Undergrad: If you can do research now it helps set the groundwork for both medical school and residency applications. You have more time and leeway to learn how to do things. Do well on the MCAT and get in to the best/cheapest medical school you can. A medical school with a neurosurgery program, though not imperative, is more desirable than one without because it can be your launch pad to getting a residency.
Medical School: Do well in preclinical classes. If you have grades/honors, try to do well. Step 1 is the great equalizer, do the best you can. Third year rotations are again important, notably surgery. While a letter from the surgery chairman is not necessary, having honors in surgery looks good. Most applicants have some sort of research project during medical school. These range from a case report to a clinical study. If you know you want to do neurosurgery early, get involved with something with the department as early as possible and push it through. Even a chart review for a retrospective cohort trial can be done over the summer between 1st/2nd year. This both helps establish that you are interested, teaches you about neurosurgery and the terms/procedures, and introduces you to the department. During the 4th year do sub-internships on the neurosurgery service at your home program and 1-3 away programs. In neurosurgery in particular these away rotations are important because the letter from the away program helps establish that you are a team player and a good fit. It's a small field and everybody knows everybody.
Residency: Each program structures it differently and it can vary widely, but in general the following applies.
Internship: Up to 6 months of neurosurgery. Some general surgery and electives (neurology, critical care, interventional neuroradiology).
PGY 2-6: A mix of junior resident in the unit, on the floor, consults. Depending on the model, some break the hospital in to services i.e. pediatrics, spine, cerebrovascular, trauma while others lump them together still others use an apprentice model where a resident is assigned an attending(s). For the most part juniors (PGY-2) do scut and seniors (PGY6) operate. Most programs have 1-2 years in the middle for electives and research time. This can either be protected from the call schedule, where you do not take call, or not where you are mixed in to the call schedule in varying ways (2 calls/month, weekends, etc.)
PGY 7: Chief year. Run the service/operate. Some programs have moved to having the chief be a junior faculty member with admitting privileges.

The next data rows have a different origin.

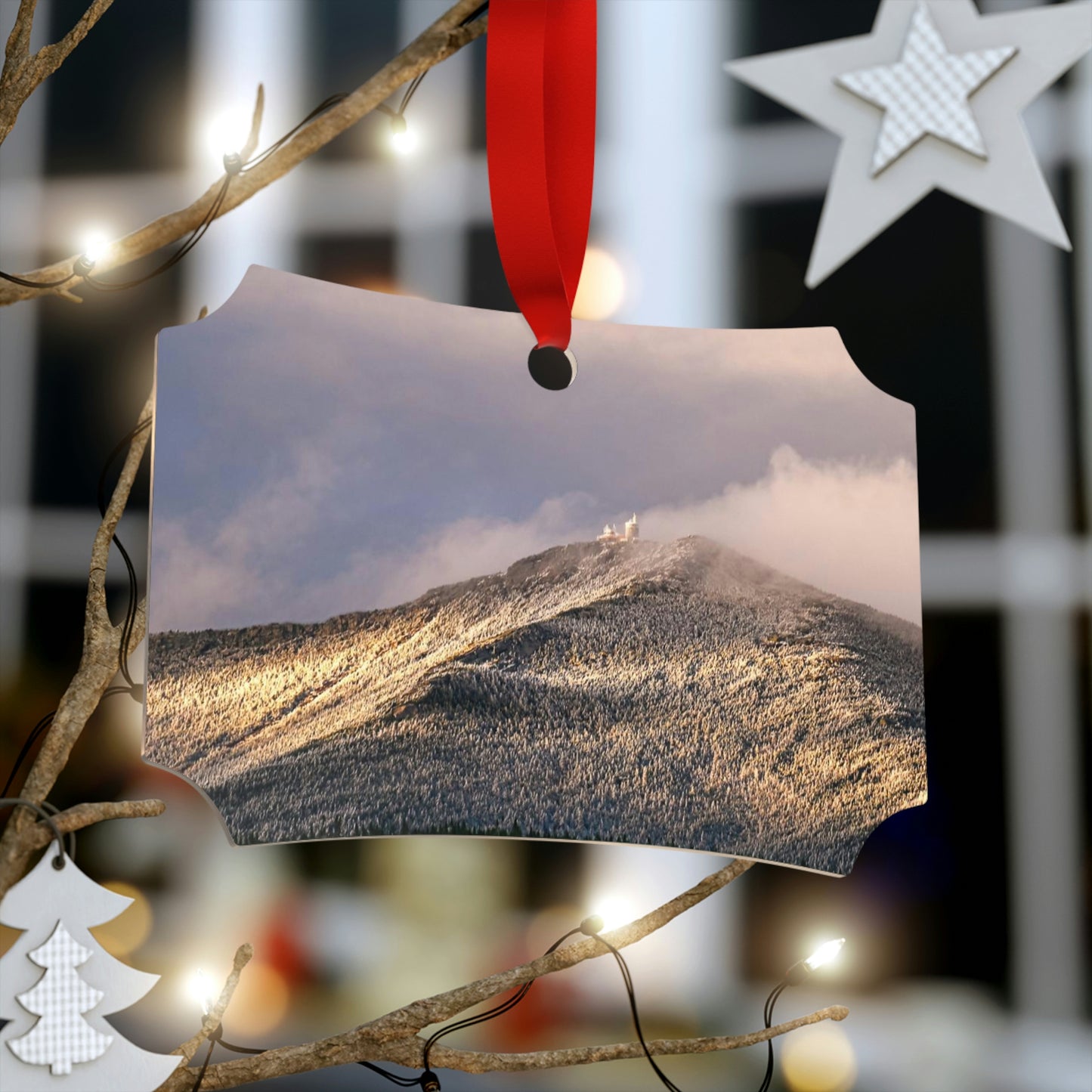 Whiteface Early Snow Ornament
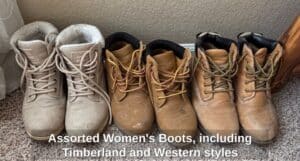 Assorted-Womens-Boots-including-Timberland-and-Western-styles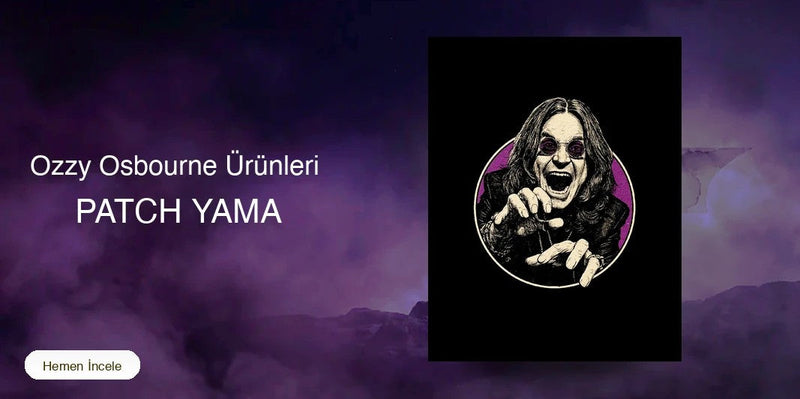 Ozzy Osbourne Patch Yama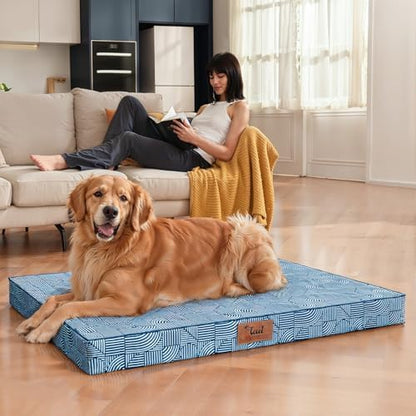 Jumbo Waterproof Orthopedic Dog Bed for Extra Large Dogs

Call is very program dependent. Some are q3 for the junior years and others are q12.
Fellowship: Specialties include cerebrovascular, endovascular, spine, peripheral nerve, skull base/endoscopic, pediatrics, trauma, and functional. Depending on the structure, fellows get to pick cases over the chief, or are tasked to work with the chief and walk them through cases. Most take home call, sometimes they have admitting privileges.